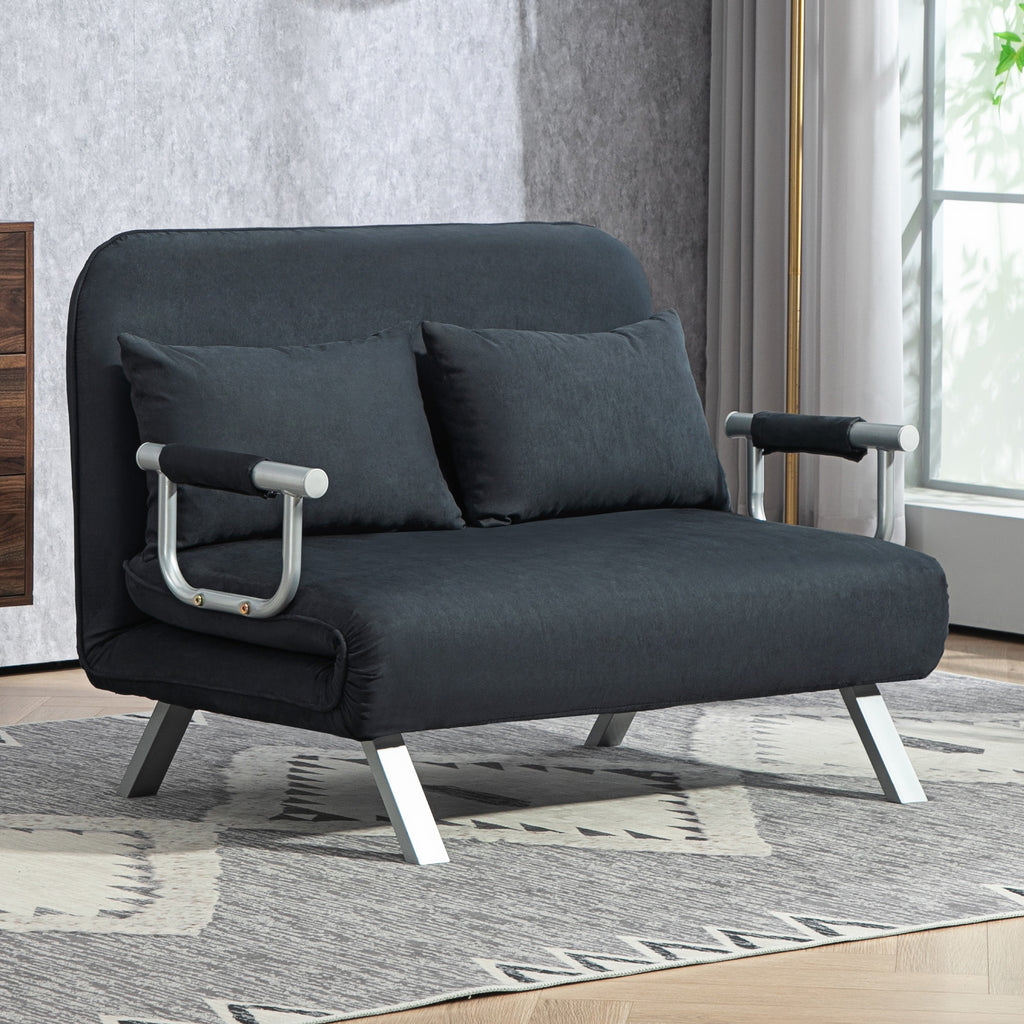 Schlafsofa, 5-fach verstellbar, Wildlederimitat, Stahlrahmen, inkl. Kissen, Schwarz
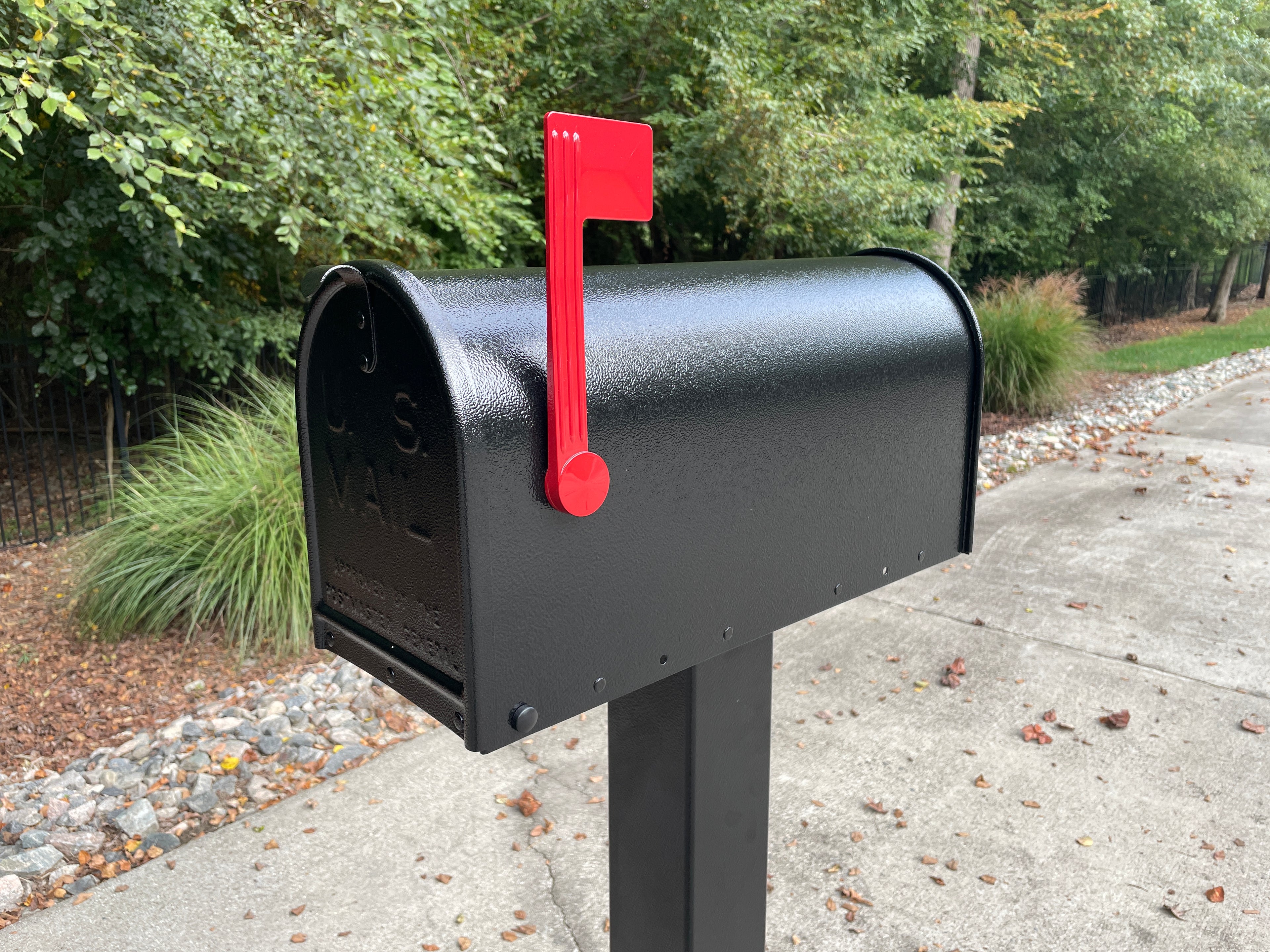 Deluxe Large Mailbox - Black Textured - With MyMailCrate Sliding Mailbox Tray, Mailbox Insert, Extender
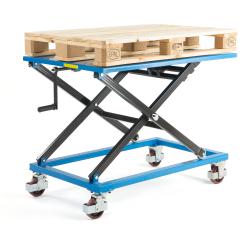Ručne zdvíhací stôl BLAZE, mobilný, 350 kg, 1200x800x450 mm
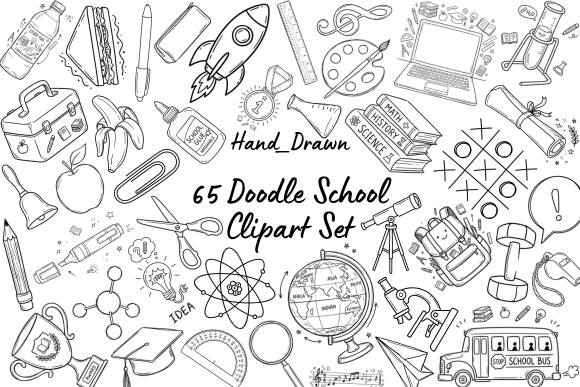 Download 65 Back to School Doodle Clipart Set - Clipart set Collection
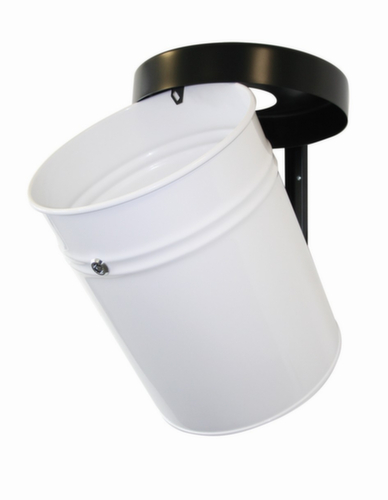 Poubelle antifeu FIRE EX pour fixation murale, 30 l, blanc, partie supérieure noir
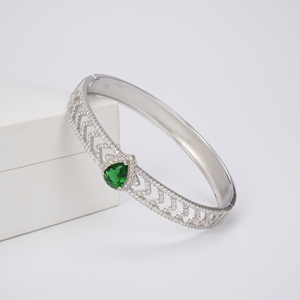 Wholesale Luxury Green Zircon 925 <strong>Solid</strong> <strong>Silver</strong> Bangle <strong>Bracelet</strong> for Women Water Drop Shaped Stone Bangle - Product Image 4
......
- _What this task involves_: Take the lines from the one containing "Download 65 Back" through the final line of the listing above and print them exactly, including both ends but no pictures.

- _Output_:
 Download 65 Back to School Doodle Clipart Set - Clipart set Collection
 Poubelle antifeu FIRE EX pour fixation murale, 30 l, blanc, partie supérieure noir
 Wholesale Luxury Green Zircon 925 <strong>Solid</strong> <strong>Silver</strong> Bangle <strong>Bracelet</strong> for Women Water Drop Shaped Stone Bangle - Product Image 4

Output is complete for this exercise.